Uma rampa não resolve uma atitude preconceituosa. Um recurso tecnológico não substitui uma oportunidade. Uma legenda não garante compreensão. Uma vaga de emprego não significa pertencimento.

 

Um discurso sobre diversidade pode ser apenas uma moldura bonita para uma realidade estreita.

 

Incluir exige mais do que boa vontade.

Exige mudança.

 

E mudança incomoda porque mexe naquilo que sempre pareceu normal para quem nunca precisou enfrentar a barreira.

 

Talvez seja aí que esteja o ponto mais delicado: não somos iguais.

Ainda bem.

 

Somos diferentes na aparência, na história, no corpo, na maneira de perceber o mundo, nas experiências e nas possibilidades. A igualdade que merece ser defendida não exige uniformidade. Ela exige dignidade.

 

Quem disse que ser diferente deveria significar valer menos?

Há pessoas que enxergam e não percebem.

Há quem escute e não ouça.

 

Há quem caminhe com facilidade, mas nunca atravesse a distância que o separa do outro.

 

Existem limitações visíveis.

Outras usam silêncio, indiferença e arrogância como disfarce.

 

A deficiência física, sensorial, intelectual ou múltipla pode fazer parte de uma vida. Já a deficiência de caráter, de empatia e de humanidade não costuma aparecer em laudo algum.

 

E talvez seja por isso que falar sobre deficiência seja, no fundo, falar sobre todos nós.

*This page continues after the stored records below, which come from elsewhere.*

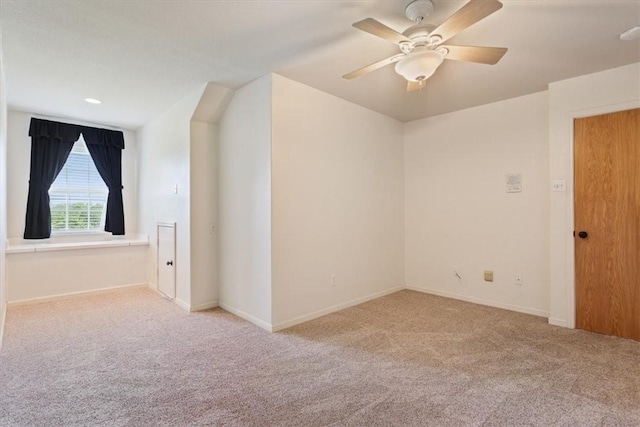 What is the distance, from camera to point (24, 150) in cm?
440

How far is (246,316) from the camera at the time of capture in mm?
3389

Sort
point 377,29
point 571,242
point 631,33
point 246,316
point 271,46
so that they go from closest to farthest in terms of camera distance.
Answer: point 377,29 → point 631,33 → point 271,46 → point 571,242 → point 246,316

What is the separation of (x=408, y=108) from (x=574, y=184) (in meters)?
1.92

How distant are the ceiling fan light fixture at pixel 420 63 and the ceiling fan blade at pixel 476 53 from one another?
0.09 metres

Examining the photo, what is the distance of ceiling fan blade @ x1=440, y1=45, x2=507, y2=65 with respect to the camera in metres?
2.02

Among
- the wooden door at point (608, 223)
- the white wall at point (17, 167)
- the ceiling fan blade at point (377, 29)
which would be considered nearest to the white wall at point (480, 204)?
the wooden door at point (608, 223)

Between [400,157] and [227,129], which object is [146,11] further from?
[400,157]

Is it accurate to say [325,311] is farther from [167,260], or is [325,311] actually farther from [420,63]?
[420,63]

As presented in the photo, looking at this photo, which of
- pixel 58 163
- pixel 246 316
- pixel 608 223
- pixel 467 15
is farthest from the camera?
pixel 58 163

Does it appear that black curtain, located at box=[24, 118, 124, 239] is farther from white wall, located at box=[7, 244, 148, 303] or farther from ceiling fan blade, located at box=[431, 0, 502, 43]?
ceiling fan blade, located at box=[431, 0, 502, 43]

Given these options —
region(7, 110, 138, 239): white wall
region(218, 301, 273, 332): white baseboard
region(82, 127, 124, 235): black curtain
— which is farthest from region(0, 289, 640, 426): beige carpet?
region(82, 127, 124, 235): black curtain

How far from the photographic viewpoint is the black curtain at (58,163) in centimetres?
441

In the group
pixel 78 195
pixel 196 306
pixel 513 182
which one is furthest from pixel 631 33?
pixel 78 195

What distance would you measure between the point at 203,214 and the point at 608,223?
4033 millimetres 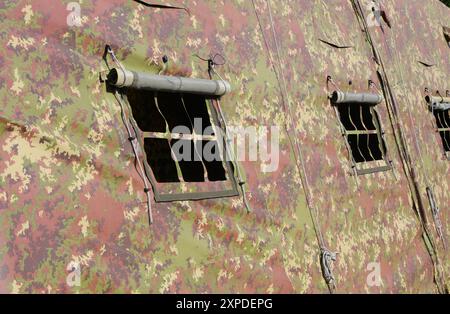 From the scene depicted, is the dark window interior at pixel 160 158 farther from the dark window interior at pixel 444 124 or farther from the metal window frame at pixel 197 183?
the dark window interior at pixel 444 124

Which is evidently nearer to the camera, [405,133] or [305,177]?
[305,177]

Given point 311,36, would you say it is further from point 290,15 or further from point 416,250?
point 416,250

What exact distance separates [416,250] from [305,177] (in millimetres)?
1580

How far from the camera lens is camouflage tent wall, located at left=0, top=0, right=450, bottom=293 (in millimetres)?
2414

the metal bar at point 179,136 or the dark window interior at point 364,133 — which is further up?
the dark window interior at point 364,133

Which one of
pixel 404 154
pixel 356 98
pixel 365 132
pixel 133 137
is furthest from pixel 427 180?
pixel 133 137

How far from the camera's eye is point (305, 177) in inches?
147

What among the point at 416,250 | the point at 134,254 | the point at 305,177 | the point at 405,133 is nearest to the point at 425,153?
the point at 405,133

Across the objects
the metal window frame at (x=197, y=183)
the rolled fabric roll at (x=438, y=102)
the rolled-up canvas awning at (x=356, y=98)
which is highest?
the rolled fabric roll at (x=438, y=102)

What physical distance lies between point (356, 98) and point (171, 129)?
5.67 feet

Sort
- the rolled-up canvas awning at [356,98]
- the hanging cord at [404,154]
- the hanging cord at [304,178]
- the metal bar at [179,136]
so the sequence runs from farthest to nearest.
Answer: the hanging cord at [404,154]
the rolled-up canvas awning at [356,98]
the hanging cord at [304,178]
the metal bar at [179,136]

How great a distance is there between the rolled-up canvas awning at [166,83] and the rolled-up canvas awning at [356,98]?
119 centimetres

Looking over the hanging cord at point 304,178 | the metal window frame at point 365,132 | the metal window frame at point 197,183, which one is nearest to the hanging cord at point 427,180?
the metal window frame at point 365,132

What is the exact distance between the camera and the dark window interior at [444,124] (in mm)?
6129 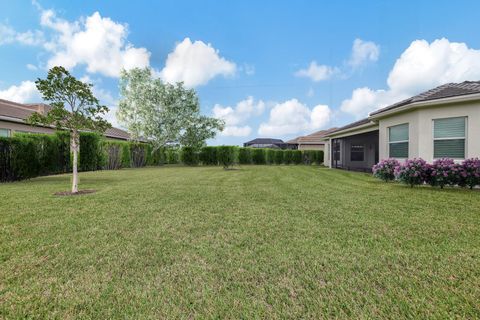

Porque ninguém atravessa a existência sem alguma falta.

Há quem carregue uma ausência.

Há quem carregue um excesso.

Há quem precise de apoio para andar.

Há quem precise de coragem para continuar.

Há quem tenha um corpo considerado perfeito e uma vida interior em ruínas.

 

Em algum momento, todos dependemos de alguém.

 

Por que, então, transformamos a necessidade do outro em motivo de constrangimento?

 

O problema nunca foi simplesmente existir uma diferença.

 

O problema começa quando a diferença passa a determinar quem pode entrar, quem pode permanecer, quem pode trabalhar, quem pode aprender, quem pode amar e quem deve esperar.

 

O calendário pode reservar um dia para a pessoa com deficiência.

 

A dignidade não deveria ter data.

 

Quando setembro chegar novamente, haverá discursos. Alguns serão sinceros. Outros terão o brilho passageiro das vitrines.

 

Que sejam bem-vindos os discursos, desde que não terminem neles.

 

Porque inclusão não se mede pelo tamanho da campanha, pela quantidade de fotografias ou pela beleza das palavras.

 

Mede-se pelo espaço que deixamos para o outro existir sem pedir licença para ser humano.

 

No fim, resta uma pergunta que nenhuma campanha consegue responder por nós:

 

Quando o calendário deixar de falar sobre inclusão, o que permanecerá de verdade na vida de quem ainda espera por ela?